During this workshop in summer 2022, the topic of biodiversity was examined from the perspective of social science sustainability studies. The focus was on two main issues. On the one hand, the governance of biodiversity by institutions and actors in the political multi-level system was studied and evaluated for its effectiveness. On the other hand, we discussed the mobilisation of biodiversity issues in social movements and examined approaches for the future of biodiversity policy.
After a tour in the botanical garden with an exciting introduction to the topic of biodiversity by the curator of the botanical garden Dr. Gerd Vogg, we studied the institutional challenges of biodiversity governance. These institutional challenges were presented by Group I (Carina, Julian, Jacqueline and Franziska) based on the literature. Afterwards, various case studies - among others on the protection of the Amazon region in Brazil to the problem of gravel gardens - served for discussion and critical reflection on current developments in the multi-level political system.
After a break outside in the garden, Group II (Lesley, Isabelle, Levi, Kim, Theresa and Vanessa) presented the actors of biodiversity governance and their complex interactions. Here, not only the diversity of civil society, economic, political and scientific actors in decision-making processes on biodiversity became clear, but also the associated conflicts of interest.

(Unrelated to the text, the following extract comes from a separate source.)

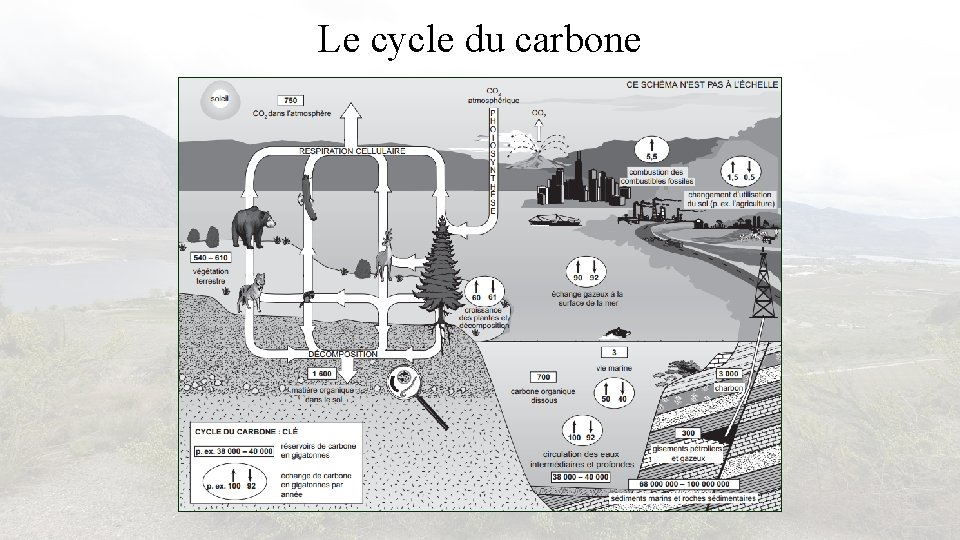 Le cycle du carbone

The different perspectives on actors and institutions of biodiversity governance were finally brought together in a simulation, which had been developed by Group II for the workshop. The aim was to better understand the local implementations of global biodiversity goals with a role play of the Würzburg Biodiversity Day 2023. The focus was on the interactions of different civil society actors from non-governmental organisations and environmental movements in order to first experience aspects such as collective action, places and forms of protest and questions about the effectiveness of activist initiatives in a playful way and then to reflect on them scientifically.
In the seminar "Sustainable Development - Political Processes and Social Transformation", which was conducted by Ulrike Zeigermann and Juliana Hilf (University of Magdeburg) in the winter semester 2021/2022, the students dealt with central concepts of sustainability. The aim of the seminar was to identify and structure the fundamental questions and research fields of social science sustainability studies.
In the first part of the online seminar, elevator pitches and discussions based on relevant literature served to critically examine transformation processes for sustainability. In the second part of the seminar, the students were given the task of applying their knowledge of the various dimensions of sustainability to a selected project and creating a podcast (as a new medium of science communication). In our opinion, the results of the group work are worth seeing - or rather hearing!
A podcast by Franziska Kleemann, Jacqueline Mbalyohere and Levi Rohmberg.
We want to discuss a new perspective on the sustainability debate in our roundtable. It's about social inequality and justice, the social responsibility that everyone has and - perhaps surprisingly for you - happiness. Because we want to introduce you to the Happy Planet Index. It combines the social, economic and ecological dimensions of sustainability with questions of (social) justice and personal well-being. How well does Germany perform? And who is the international frontrunner? And what does that mean for each individual? We will address all these questions in this podcast. Have fun listening!
A podcast by Carina Kertscher and Lesley Pfeifer
Take: the climate crisis, many unanswered questions, 160 people with 160 opinions, a lot of scientific expertise and many hours of endurance. Et voilà: The package of solutions for climate protection. Or is it just wishful thinking after all? In this podcast, we look at the instrument of the citizens' council as a possible answer to the current challenges of representative democracies in times of climate change. We present how the first nationwide Citizens' Council on Climate 2021 was organised and talk to a student who became a member by lot. In addition, Professor Dr Ellen Matthies from the University of Magdeburg, scientist at Scientists for Future and member of the scientific board of trustees of the Citizens' Council on Climate, reports on her experiences in this body and the potential of citizens' councils.
A podcast by Julian Höfner and Theresa Mühlheck
How will we do business in the future? In this podcast we want to look at the solidarity economy as an alternative to growth-oriented economic models. For this we have also invited a guest: Erich Morgenstern from the solidarity-based agriculture Schweinfurt. Erich Morgenstern will give us an insight into how the solidarity economy is implemented in practice and what challenges it faces.
A podcast by Kim Brenner and Isabelle Südmeyer.
We talk about what Federal Garden Shows (BUGAs) are and what phases there are. We want to find out what BUGAs have to do with the concepts of "nature" and "culture" and what role sustainability plays in the planning and implementation of Federal Garden Shows. Have fun listening!